In short, cache_position was missing in forward of Qwen2AudioForConditionalGeneration and adding it resolves the tests 👍

However, it probably needs to be processed in some way? Like in Qwen2VLForConditionalGeneration?

If it's similar as in Qwen2VLForConditionalGeneration happy to do it!

cc @eustlb, @gante as it seems you were aware of cache related issues here

HuggingFaceDocBuilderDev · 2025-07-18T14:59:31Z

The docs for this PR live here. All of your documentation changes will be reflected on that endpoint. The docs are available until 30 days after the last update.

gante

Thank you for opening the PR 🙏

We'll need to pass cache_position to self.language_model as well. The non-legacy processing branch in Qwen2AudioForConditionalGeneration.forward only prepares inputs_embeds (and not position-based tensors, like position_ids or attention_mask), so further processing of cache_position probably isn't needed. I'm assuming that before this fix, we were relying on the language_model's default values for cache_position, so in practice this change won't have an impact on the outputs from interfaces like generate.

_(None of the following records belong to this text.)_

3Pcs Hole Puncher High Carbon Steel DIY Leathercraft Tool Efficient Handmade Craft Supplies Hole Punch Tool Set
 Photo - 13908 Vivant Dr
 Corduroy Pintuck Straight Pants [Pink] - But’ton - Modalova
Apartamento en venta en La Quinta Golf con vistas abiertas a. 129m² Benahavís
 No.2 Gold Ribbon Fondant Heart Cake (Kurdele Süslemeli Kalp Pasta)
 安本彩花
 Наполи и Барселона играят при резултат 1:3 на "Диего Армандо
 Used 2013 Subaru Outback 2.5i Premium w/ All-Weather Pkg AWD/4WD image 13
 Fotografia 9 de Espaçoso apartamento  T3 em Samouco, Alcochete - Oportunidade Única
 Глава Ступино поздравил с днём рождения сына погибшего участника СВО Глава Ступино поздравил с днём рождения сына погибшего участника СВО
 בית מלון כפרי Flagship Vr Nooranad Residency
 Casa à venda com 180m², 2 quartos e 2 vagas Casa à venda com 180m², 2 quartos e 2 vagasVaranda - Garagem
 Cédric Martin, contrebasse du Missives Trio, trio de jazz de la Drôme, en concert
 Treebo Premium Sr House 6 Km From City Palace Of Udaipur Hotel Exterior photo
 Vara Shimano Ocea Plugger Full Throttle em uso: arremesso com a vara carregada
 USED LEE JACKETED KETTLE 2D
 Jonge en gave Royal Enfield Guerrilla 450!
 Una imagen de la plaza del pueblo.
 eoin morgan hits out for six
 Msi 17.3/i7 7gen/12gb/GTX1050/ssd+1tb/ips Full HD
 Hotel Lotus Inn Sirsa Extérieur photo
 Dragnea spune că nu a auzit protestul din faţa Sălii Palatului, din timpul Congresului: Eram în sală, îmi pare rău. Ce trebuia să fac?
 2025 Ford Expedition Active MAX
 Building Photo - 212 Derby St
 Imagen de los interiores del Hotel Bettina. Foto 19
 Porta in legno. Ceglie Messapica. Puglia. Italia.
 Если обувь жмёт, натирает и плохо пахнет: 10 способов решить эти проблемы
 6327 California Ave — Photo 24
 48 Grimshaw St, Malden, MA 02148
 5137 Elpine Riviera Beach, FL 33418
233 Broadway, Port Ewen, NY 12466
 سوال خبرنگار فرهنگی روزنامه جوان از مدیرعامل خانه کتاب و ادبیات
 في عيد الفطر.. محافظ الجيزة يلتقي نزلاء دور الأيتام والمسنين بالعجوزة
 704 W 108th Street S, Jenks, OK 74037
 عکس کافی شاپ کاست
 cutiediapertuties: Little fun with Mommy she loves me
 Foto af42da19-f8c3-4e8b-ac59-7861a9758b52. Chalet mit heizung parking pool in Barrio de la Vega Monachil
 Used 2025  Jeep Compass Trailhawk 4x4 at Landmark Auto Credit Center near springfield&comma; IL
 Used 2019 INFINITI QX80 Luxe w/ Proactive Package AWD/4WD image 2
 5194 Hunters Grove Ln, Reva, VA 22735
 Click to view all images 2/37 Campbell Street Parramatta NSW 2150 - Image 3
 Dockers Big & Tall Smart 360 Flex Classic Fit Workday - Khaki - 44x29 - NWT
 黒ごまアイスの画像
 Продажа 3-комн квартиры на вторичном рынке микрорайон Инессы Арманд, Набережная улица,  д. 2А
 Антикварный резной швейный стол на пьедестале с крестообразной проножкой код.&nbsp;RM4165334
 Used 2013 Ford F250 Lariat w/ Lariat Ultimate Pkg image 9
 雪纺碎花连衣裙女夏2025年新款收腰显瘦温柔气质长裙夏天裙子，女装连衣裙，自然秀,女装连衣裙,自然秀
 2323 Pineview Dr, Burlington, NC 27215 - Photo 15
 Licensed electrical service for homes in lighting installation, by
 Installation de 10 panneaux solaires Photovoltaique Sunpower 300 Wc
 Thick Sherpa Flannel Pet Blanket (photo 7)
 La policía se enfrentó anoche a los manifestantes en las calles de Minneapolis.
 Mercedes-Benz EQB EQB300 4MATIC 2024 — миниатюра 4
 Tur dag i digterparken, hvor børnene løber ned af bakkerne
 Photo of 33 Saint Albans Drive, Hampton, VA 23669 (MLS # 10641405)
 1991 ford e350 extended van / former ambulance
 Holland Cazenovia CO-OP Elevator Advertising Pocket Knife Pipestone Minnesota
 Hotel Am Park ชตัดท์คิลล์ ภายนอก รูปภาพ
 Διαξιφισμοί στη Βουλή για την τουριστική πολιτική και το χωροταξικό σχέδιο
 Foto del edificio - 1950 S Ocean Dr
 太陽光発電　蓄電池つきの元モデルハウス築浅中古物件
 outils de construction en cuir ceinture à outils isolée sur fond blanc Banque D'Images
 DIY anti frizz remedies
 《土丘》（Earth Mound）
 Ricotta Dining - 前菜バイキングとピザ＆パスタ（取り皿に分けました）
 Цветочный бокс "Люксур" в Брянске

Let's make sure the slow tests are passing after the changes!

gante · 2025-07-18T15:37:56Z

@ebezzam after your changes, remove this line as well. If this was the only cache-related issue, then CI will be happy :D

(the line I linked prevents generate-related quick tests from running)

lovenya · 2025-07-20T13:05:41Z

This is such an important patch. Thankyou so much, was having so many issues in just inference.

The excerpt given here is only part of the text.